If I had to share a house with a cat, I’m glad it was this one.

Cooney lives on in Beuller and Peachy.
Forgot to add that they’re my two orange furballs. Or I’m their’s… I’m not sure which.
Thanks, Dick. Cooney had a full life and I hope we made it as good for him as it could be.
Aye, a fine box cat.
I live with one myself.
I am sorry for your loss.
MC
Everybody needs at least one Orange cat. We have had several over the years, and loved ’em all.
My orange cat loves to sleep either on my one armchair, which I assume smells like my butt (I don’t exactly check), or else on my stinky laundry, or else at the foot of my bed — where my feet go when I sleep. When she was a kitten she had a brother (long since dead, alas) who loved to dive into shoes face-first, the smellier the better. My older gray and black tabby currently likes her smelly pillow (which is going in the laundry as soon as I get around to doing it). Moral of the story? Cats love stinky smells. Neater than dogs? Shyeah, right.
I have a cat at my feet right this second that could be Cooney’s brother.
He is the Big Orange Clyde and sweet and funny and very goofy, as all big orange cats tend to be.
What cats tend to look for is stuff that smells like you — in all your stinkyness — it’s a comfort to them to smell you, even if you’re not in the immediate vicinity. Your dirty laundry will do until you get home and can feed and pet them. Or pet and feed them. Or pet them as you feed them.
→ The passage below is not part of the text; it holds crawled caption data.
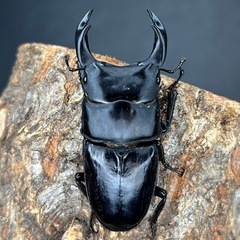 オオクワガタ♂♀ペア　♂65mmUP ♀フリーの画像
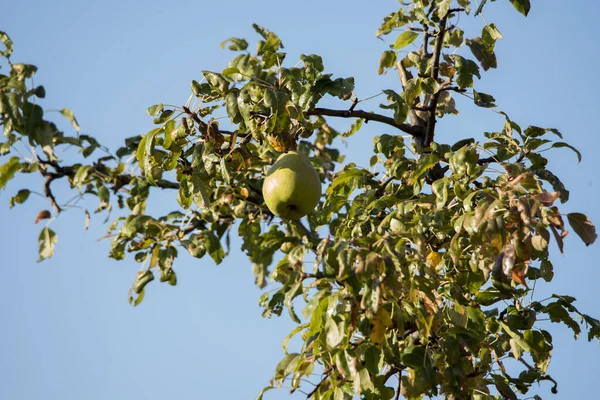 Sonbahar incileri ya da saçlar, meyveleri inci olan Rosaceae ailesinin yaprak döken bir ağacıdır. Armut, elmanın kız kardeşidir, çünkü ikisi de aynı aileye aittir ve her iki meyve de yenilebilir.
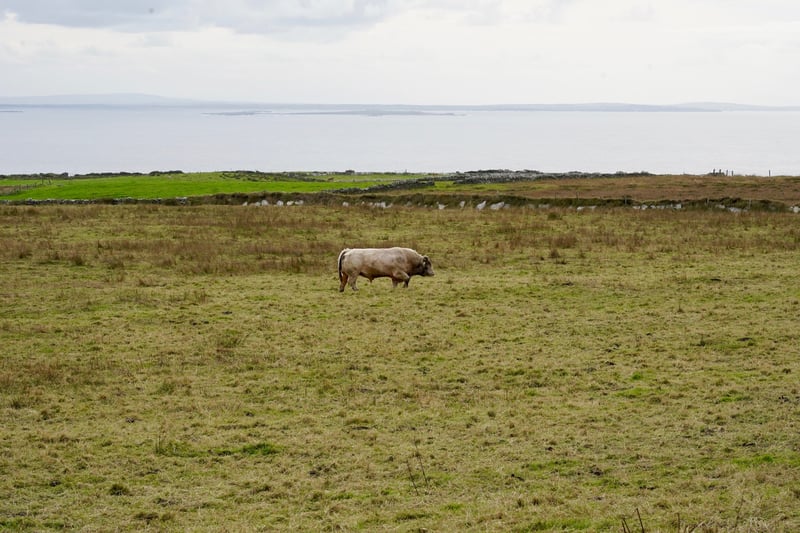 Cliffs of Moher, Ireland photo 12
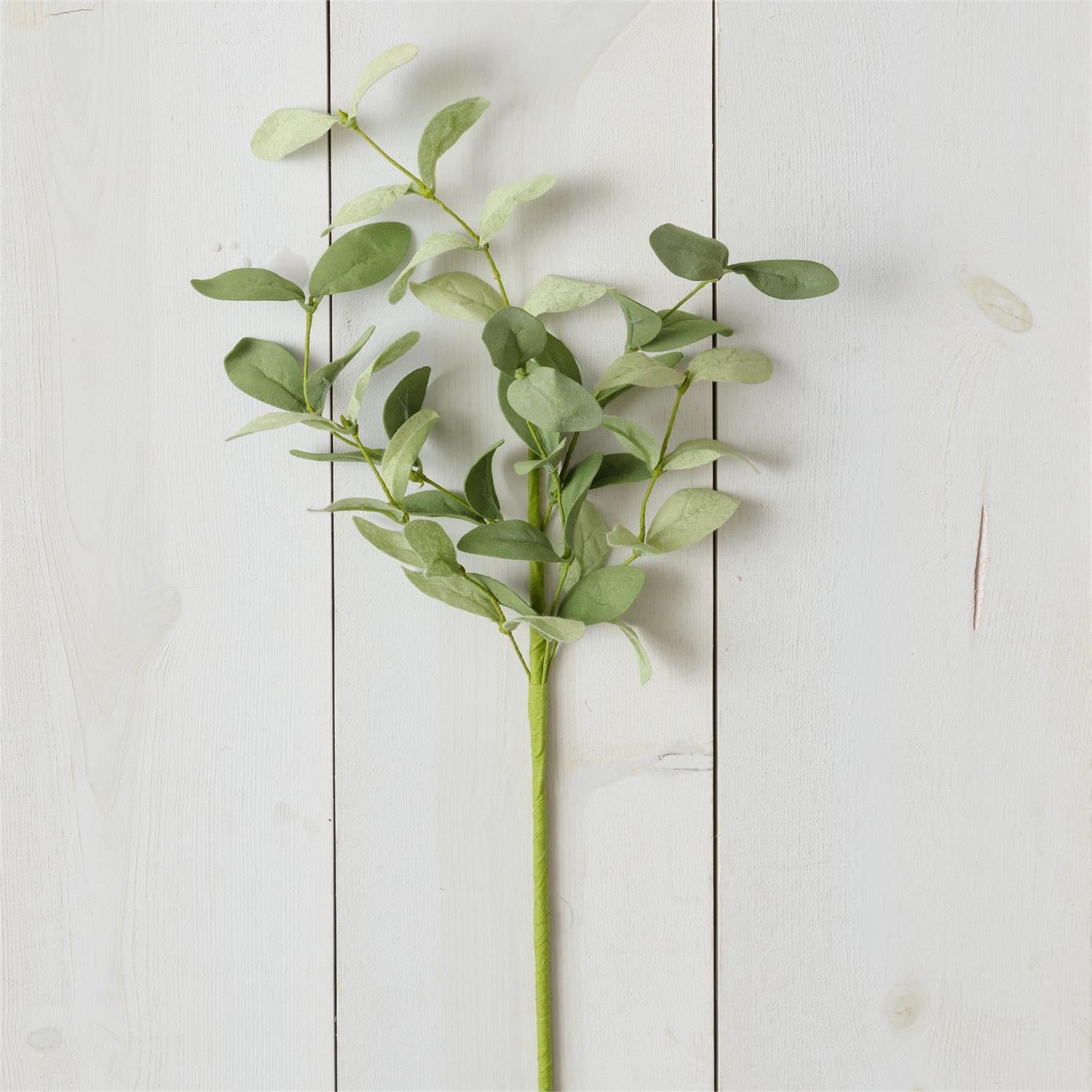 Pick - Shades Of Green, Sage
Thanks for sharing. He was a neat cat.
Jenny
About 18 years ago, my wife brought home a little orange furball that had been born to one of her dad’s barn cats. I wasn’t crazy about animals living in the house, but she promised that I would never have to smell a litter box let alone clean one so I relented. We named him Bullet because he looked like a new copper jacket and he shot through the house like a little projectile. The long and short of it is that he was so easy to get along with that I changed my opinion of house pets. Bullet died about three years ago and my wife was so heartbroken that she couldn’t speak of him until earlier this year. About June, we ended up adopting two orange kittens who were born feral and were living in a woodpile at Wife’s folks’ place.
I’m sorry to hear about Cooney, Og, but I’m glad that you are left with good memories.
Catmatyx, the black & white beast I wrote of, had the habit in his later years of, when I’d sat on the toilet, trotting into the bathroom and curling up in my pants.
Got kind of ticked off when I made him move, too.